These are the key concepts you need to understand to accurately answer the question.

Angular Velocity
Angular velocity is an important concept when discussing rotating objects like a merry-go-round. It describes how fast something rotates or the "rate of rotation." For circular motion, angular velocity is represented by the symbol \( \omega \), and it is measured in radians per second (rad/s).
  • To find angular velocity, we use the formula: \( \omega = \frac{2\pi}{T} \), where \( T \) is the period of rotation (the time it takes to complete one full cycle).
  • In our scenario, the merry-go-round completes one rotation every 6 seconds, so \( T = 6 \,\text{s} \).
  • Substituting \( T = 6 \) into the formula gives us \( \omega = \frac{2\pi}{6} = \frac{\pi}{3} \,\text{rad/s} \).
Angular velocity is key in determining other important values, like centripetal acceleration. So, if you know how long it takes for a circular object to complete its rotation, you can find how quickly it is spinning.

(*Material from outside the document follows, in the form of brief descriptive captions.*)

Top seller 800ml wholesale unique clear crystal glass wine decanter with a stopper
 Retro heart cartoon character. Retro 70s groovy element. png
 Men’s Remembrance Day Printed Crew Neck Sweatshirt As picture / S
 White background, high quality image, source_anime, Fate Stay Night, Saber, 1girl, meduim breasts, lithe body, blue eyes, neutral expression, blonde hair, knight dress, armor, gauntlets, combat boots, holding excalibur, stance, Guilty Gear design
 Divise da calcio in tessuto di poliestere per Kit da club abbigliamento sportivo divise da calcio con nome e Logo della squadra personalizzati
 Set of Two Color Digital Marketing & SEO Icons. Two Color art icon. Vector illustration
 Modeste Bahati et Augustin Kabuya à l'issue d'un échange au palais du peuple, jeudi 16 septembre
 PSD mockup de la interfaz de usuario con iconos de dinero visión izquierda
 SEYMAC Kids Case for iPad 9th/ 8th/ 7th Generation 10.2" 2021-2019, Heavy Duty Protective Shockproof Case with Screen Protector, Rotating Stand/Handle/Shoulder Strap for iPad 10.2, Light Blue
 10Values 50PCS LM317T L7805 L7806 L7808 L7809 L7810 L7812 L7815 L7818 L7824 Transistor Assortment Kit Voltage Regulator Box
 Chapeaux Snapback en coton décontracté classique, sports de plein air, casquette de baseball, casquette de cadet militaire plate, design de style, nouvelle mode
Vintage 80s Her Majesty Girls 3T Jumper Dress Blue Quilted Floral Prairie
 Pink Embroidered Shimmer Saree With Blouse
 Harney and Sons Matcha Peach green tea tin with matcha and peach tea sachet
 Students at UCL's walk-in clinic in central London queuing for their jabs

Coefficient of Static Friction
The coefficient of static friction, denoted as \( \mu_s \), is a dimensionless value that represents the frictional force required to prevent two surfaces from sliding past each other. In this scenario, it helps to determine whether the cat can stay put on the spinning merry-go-round.
  • Static friction is the force keeping the cat stationary relative to the spinning surface, preventing it from slipping off.
  • The least coefficient of static friction can be found using the formula: \( f_s = \mu_s mg = ma_c \), where \( f_s \) is the static friction force, \( m \) is the mass, \( g \) is gravity (\( 9.8 \,\text{m/s}^2 \)), and \( a_c \) is the centripetal acceleration.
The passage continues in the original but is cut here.